Shotgun gauge is also subject to fashion, within certain limits. There has not been a new gauge introduced in a century; in fact, the range of gauges has shrunk. In 1910, you could buy 8, 10, 12, 14, 16, 20, 24, 28, 32, .410, and even 9 mm shotguns and shells, in one form or another. Eights are gone, but 10 gauge, having fallen completely out of favor, is staging a modest comeback because its voluminous case accommodates bulky steel shot. At the other end of the scale, it is hard to make a case for the 9 mm, unless your house is overrun with mice or you’re a museum collector of hummingbirds.
The big four are 12, 20, 28, and .410, largely because they were the gauges chosen for skeet shooting when it was formalized in the 1920s. Were it not for skeet, the 28 would probably have fallen by the wayside. But it hung on long enough to experience a “rediscovery” in the last decade, with older hunters preferring lighter guns.
“The 16 was neglected by gunmakers and ammunition companies alike, both of whom wished it would go away and allow them to get on with making money on ever-heavier magnums. But that did not come to pass.”
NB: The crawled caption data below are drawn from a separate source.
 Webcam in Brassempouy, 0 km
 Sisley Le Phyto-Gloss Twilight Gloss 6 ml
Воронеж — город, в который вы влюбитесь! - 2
The 16 gauge was not invited to the skeet party in 1926, and has suffered ever since. Although it has long been the favorite gauge in Europe, where it is often paired with rifle barrels in drillings and other combination guns, it was strictly an also-ran in England for driven shooting, and English preferences dribbled over into America. In the United States, where the emphasis was traditionally waterfowl, the 16 (even before steel shot) did not have the shot-charge capacity demanded by duck hunters.
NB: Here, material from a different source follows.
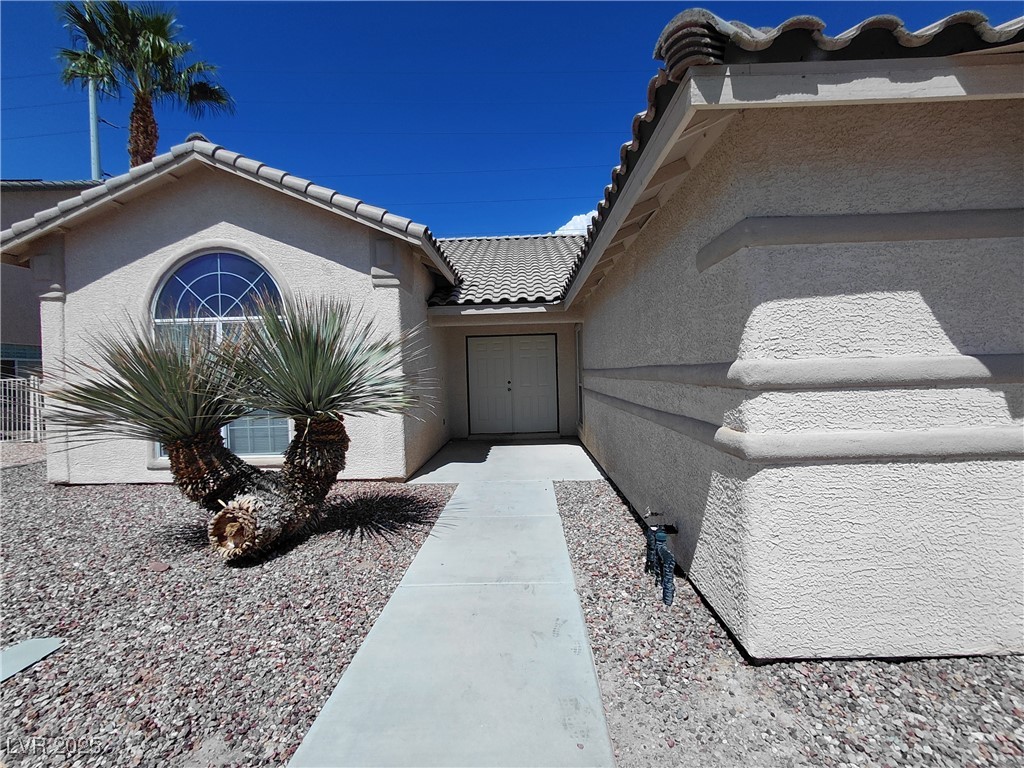 6132 Peggotty Avenue N/a Property Photo 99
Many older books on upland shooting refer to the 16 as the “gentleman’s gauge,” as opposed to the 10s and 12s preferred by market gunners of old. But in a society where ignorance is prized and boorishness admired, anything deemed gentlemanly is at an immediate disadvantage. One might as well suggest wearing a tie to shoot. The wonder of it is that the 16 hung on as it did for a century, always with a small and devoted band of admirers, some of whom may not have been gentlemen.
The 16 was neglected by gunmakers and ammunition companies alike, both of whom wished it would go away and allow them to get on with making money on ever-heavier magnums. But that did not come to pass. Devotees of the 16 hoarded ammunition, loaded their own, and even paid a premium for good imported stuff.
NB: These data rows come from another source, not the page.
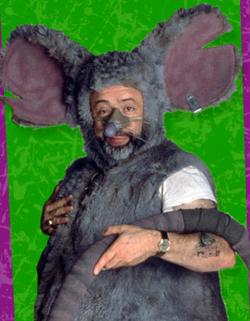 lester the rat.png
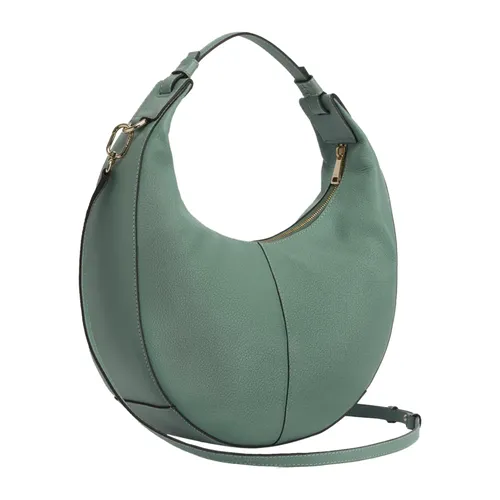 Bags > Shoulder Bags - - Furla - Modalova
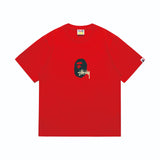 Bathing ape T Shirts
For those not familiar with 16-gauge guns— probably including the majority of younger shooters—it is, on paper, the perfect shotgun gauge. Gauge is determined by dividing one pound of lead into a number of equal-sized spheres—12 for 12 gauge, 20 for a 20 gauge, and so on. The 16 balls for a 16 gauge are exactly one ounce each. One ounce of shot, in a bore .662-inch in diameter, makes a shot column that is as wide as it is tall. In theory, this should deliver the best possible shot pattern. Using the “96-times” rule of English gunmakers, that a gun should weigh 96 times the shot charge, a one-ounce load would allow a six-pound gun. This is hefty enough to give a solid swing and dampen any recoil, while being delightfully light to carry.
This is all in theory. In fact, with modern plastic shot cups, one ounce of shot gives the perfect shot column in a 12, not a 16, but that’s quibbling. You won’t find many six-pound 12s kicking around, and if you did, it would be an awful thing to handle with anything except light one-ounce loads. But back to the 16-gauge: Is one ounce of shot enough? Frankly, if you can’t do it with one ounce, you probably won’t do it with one and a half, or even two ounces, whether it’s breaking clays or dropping pheasants. Unless you are limited by tragic circumstance to owning just one gun, it’s a good idea to keep a 12 around anyway, to do all the things (steel shot, buckshot, slugs, and so on) to which you’d rather not subject a light 16.